- Born: March 10, 1957 (age 68) Montreal, Quebec, Canada
- Height: 6 ft 0 in (183 cm)
- Weight: 181 lb (82 kg; 12 st 13 lb)
- Position: Goaltender
- Caught: Left
- Played for: Milwaukee Admirals Peoria Prancers
- NHL draft: 86th overall, 1977 Buffalo Sabres 122nd overall, 1978 Washington Capitals
- Playing career: 1977–1984

= Rich Sirois =

Canadian ice hockey player

Richard Sirois (born March 10, 1957) is a Canadian former professional ice hockey player.

During his first season in the Quebec Major Junior Hockey League (QMJHL) with the Sherbrooke Castors his team won the President's Cup and advanced to the 1975 Memorial Cup finals, where they lost to the Toronto Marlboros, the Ontario champions. After being traded the following season, he played his final year in the QMJHL with Laval National, and with 69 games led the league in games played by a goalie.

He was drafted in the fifth round, 85th overall by the Buffalo Sabres in the 1977 NHL amateur draft. He played one season with the Milwaukee Admirals of the International Hockey League (IHL). The following season he became a free agent and was drafted again by the Washington Capitals in the 1978 Draft. He went on to play one season in the Swiss National League A in 1978. He returned to North America and played six more seasons in the IHL with the Milwaukee Admirals and Peoria Prancers. Sirois signed as a free agent with the St. Louis Blues in the 1982 NHL playoff season but never played in the NHL.

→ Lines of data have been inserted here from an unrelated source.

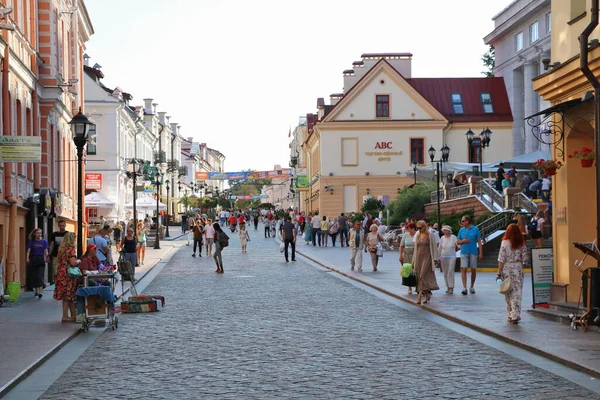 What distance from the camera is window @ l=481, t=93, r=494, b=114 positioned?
2700 inches

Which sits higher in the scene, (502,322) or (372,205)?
(372,205)

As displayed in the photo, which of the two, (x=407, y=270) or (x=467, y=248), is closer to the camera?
(x=407, y=270)

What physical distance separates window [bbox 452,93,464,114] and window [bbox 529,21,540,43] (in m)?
10.4

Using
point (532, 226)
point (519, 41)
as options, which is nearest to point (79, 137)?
point (532, 226)

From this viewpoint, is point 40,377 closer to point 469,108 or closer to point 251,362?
point 251,362

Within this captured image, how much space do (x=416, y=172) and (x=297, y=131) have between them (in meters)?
58.1

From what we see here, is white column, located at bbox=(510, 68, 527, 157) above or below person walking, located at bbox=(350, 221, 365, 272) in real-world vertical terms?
above

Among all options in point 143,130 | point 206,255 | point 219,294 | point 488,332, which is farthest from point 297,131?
point 488,332

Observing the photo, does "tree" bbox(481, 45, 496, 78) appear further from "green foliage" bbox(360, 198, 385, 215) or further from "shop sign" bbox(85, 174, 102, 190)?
"shop sign" bbox(85, 174, 102, 190)

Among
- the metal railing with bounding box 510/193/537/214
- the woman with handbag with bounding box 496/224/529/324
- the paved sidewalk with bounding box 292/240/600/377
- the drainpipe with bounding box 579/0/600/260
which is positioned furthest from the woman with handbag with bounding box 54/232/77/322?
the metal railing with bounding box 510/193/537/214

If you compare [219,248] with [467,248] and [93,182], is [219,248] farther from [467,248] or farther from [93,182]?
[93,182]

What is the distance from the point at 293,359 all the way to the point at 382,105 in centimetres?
5584

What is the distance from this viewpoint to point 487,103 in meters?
68.9

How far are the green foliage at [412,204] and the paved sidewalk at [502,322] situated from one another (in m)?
21.9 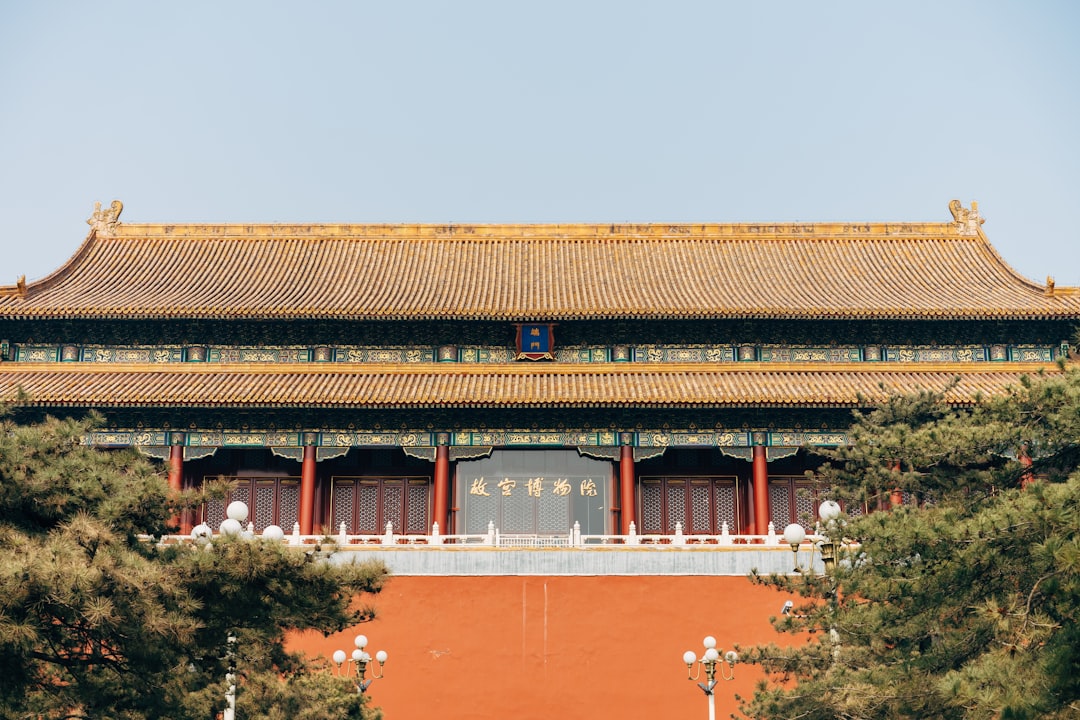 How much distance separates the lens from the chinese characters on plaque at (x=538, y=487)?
23406 millimetres

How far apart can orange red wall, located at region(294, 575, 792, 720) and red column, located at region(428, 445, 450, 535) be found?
267 cm

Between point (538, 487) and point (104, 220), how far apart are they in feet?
39.9

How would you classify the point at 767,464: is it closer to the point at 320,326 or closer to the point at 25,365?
the point at 320,326

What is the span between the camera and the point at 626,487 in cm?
2286

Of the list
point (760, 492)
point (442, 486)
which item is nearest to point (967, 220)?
point (760, 492)

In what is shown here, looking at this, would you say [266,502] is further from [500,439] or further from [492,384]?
[492,384]

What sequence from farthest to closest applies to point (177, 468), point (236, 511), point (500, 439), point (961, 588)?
point (500, 439) → point (177, 468) → point (236, 511) → point (961, 588)

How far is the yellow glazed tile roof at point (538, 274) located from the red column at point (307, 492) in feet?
8.84

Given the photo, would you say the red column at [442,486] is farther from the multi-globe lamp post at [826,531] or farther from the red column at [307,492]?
the multi-globe lamp post at [826,531]

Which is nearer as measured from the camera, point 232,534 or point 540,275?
point 232,534

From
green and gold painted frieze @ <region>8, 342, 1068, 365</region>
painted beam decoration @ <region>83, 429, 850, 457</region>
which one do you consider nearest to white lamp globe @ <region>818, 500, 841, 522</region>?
painted beam decoration @ <region>83, 429, 850, 457</region>

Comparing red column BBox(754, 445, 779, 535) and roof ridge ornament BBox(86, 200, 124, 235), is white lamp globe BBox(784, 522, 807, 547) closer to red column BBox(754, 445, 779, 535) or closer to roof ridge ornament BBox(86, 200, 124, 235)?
red column BBox(754, 445, 779, 535)

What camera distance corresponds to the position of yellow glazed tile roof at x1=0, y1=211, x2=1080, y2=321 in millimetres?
24109

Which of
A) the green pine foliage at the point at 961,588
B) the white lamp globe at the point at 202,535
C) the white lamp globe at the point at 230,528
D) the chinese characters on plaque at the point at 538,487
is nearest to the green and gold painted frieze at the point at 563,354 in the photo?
the chinese characters on plaque at the point at 538,487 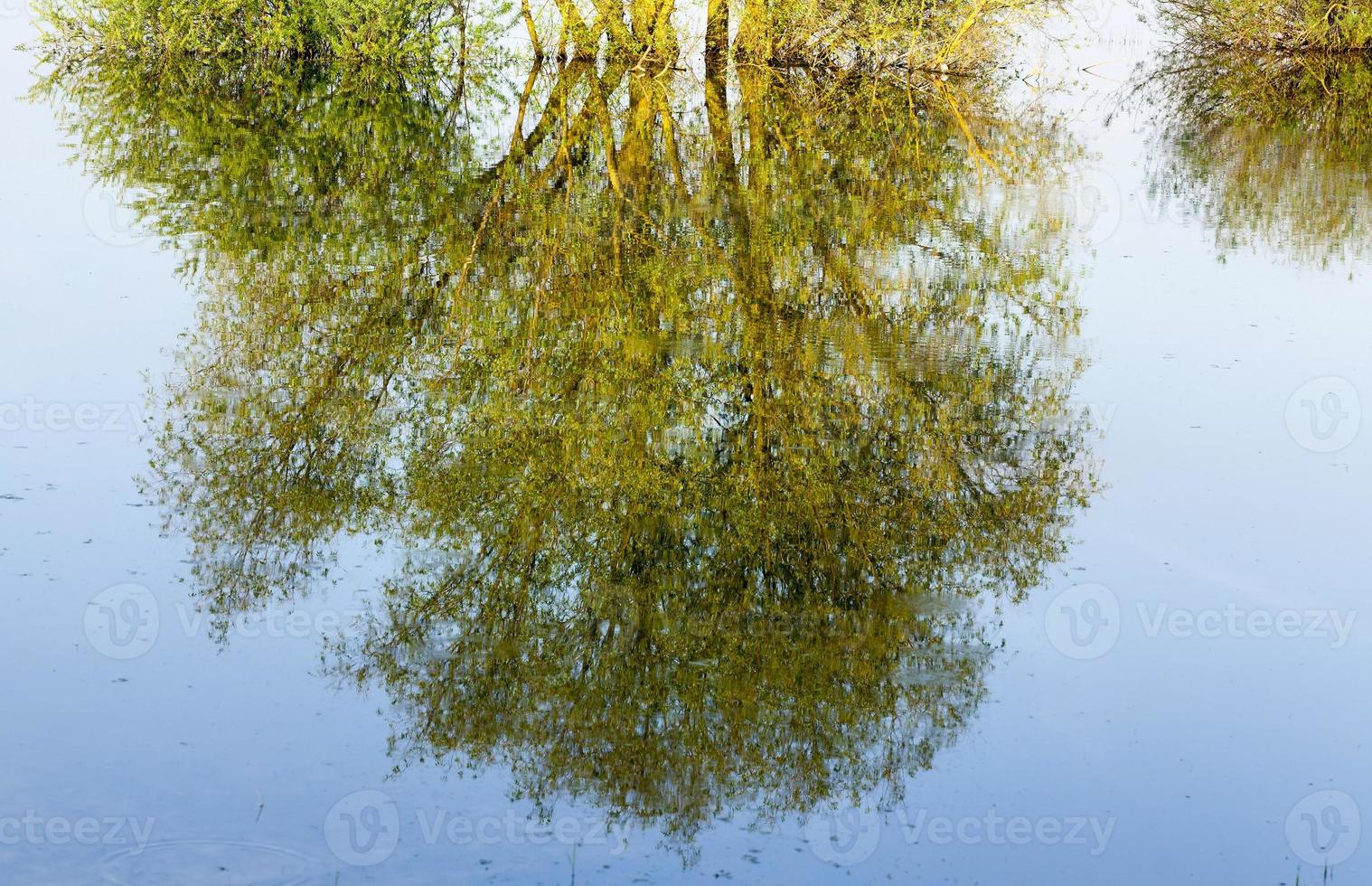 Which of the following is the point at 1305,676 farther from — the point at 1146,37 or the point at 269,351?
the point at 1146,37

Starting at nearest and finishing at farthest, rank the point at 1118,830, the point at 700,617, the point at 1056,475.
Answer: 1. the point at 1118,830
2. the point at 700,617
3. the point at 1056,475

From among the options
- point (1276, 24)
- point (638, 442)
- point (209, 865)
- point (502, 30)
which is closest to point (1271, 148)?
point (1276, 24)

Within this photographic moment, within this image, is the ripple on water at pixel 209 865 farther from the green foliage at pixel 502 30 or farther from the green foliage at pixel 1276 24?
the green foliage at pixel 1276 24

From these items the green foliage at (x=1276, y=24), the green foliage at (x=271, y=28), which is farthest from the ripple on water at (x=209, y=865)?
the green foliage at (x=1276, y=24)

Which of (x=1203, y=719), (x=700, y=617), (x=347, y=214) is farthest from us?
(x=347, y=214)

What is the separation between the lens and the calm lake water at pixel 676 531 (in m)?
6.26

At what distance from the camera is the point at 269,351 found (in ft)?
37.9

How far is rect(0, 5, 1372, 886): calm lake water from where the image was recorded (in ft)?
20.5

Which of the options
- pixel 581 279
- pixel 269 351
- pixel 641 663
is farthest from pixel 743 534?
pixel 581 279

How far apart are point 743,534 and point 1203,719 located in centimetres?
269

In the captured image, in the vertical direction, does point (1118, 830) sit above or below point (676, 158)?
below

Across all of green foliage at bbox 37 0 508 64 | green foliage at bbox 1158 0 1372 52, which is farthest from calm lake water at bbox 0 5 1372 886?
green foliage at bbox 1158 0 1372 52

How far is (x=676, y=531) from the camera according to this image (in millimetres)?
8906

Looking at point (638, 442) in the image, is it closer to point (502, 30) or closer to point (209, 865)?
point (209, 865) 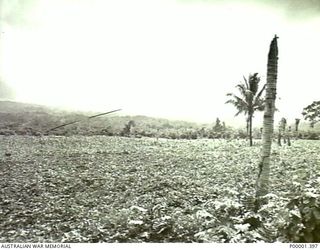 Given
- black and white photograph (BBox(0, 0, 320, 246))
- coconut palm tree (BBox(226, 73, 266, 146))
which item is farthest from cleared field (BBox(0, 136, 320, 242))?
coconut palm tree (BBox(226, 73, 266, 146))

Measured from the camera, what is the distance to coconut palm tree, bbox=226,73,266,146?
3.05 metres

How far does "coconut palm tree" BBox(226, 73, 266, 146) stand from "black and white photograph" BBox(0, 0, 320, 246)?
0.01m

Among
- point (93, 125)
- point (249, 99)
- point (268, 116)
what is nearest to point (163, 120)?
point (93, 125)

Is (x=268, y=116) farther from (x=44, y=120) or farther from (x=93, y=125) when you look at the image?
(x=44, y=120)

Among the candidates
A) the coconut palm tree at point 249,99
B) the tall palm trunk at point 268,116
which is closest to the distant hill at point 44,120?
the coconut palm tree at point 249,99

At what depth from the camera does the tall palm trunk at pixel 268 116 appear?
3.02 metres

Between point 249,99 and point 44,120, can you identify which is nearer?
point 44,120

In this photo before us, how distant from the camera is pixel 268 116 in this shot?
9.92 feet

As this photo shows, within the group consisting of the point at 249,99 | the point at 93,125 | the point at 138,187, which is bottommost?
the point at 138,187

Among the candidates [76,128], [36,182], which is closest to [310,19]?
[76,128]

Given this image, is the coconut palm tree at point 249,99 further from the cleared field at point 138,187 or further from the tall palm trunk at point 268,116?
the cleared field at point 138,187

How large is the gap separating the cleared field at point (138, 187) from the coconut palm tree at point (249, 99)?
0.22 m

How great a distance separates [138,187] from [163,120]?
510 millimetres

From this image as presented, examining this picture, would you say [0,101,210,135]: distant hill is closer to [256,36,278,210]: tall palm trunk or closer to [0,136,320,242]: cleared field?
[0,136,320,242]: cleared field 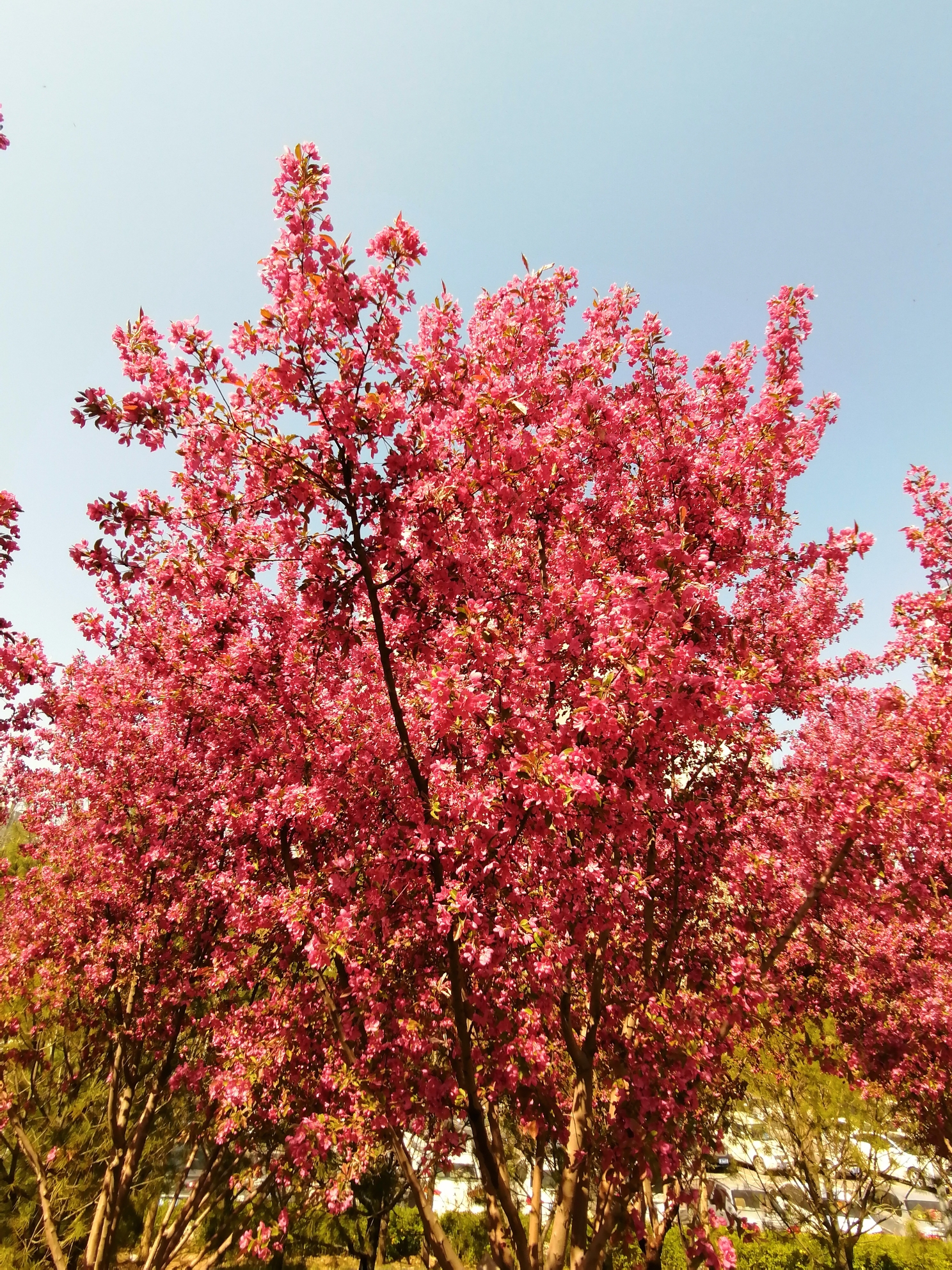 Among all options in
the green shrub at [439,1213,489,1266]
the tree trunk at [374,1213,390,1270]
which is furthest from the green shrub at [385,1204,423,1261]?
the tree trunk at [374,1213,390,1270]

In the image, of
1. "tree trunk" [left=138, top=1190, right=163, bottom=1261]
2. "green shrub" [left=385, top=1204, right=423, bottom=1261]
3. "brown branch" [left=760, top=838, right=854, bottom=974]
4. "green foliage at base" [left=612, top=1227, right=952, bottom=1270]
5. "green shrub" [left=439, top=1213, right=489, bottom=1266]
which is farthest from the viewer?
"green shrub" [left=385, top=1204, right=423, bottom=1261]

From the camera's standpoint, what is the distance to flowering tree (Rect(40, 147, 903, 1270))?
4840 millimetres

Sirois and his older brother Bob were the owners of the Montreal Roadrunners of Roller Hockey International (RHI), and founders of Continental Inline Hockey League from 1990 to 1995.

==Playing career==
Sirois played 286 games and won a record 119 games with the Admirals in the International Hockey League and was a three-time All Star. Sirois leads Milwaukee in games played by a goaltender (285). He wore jersey #57. In 1969, Sirois was the goalie for the LSA Montreal team that represented Team Canada as a Pee Wee in the 1969-70 Hockey Tour Exhibition in France.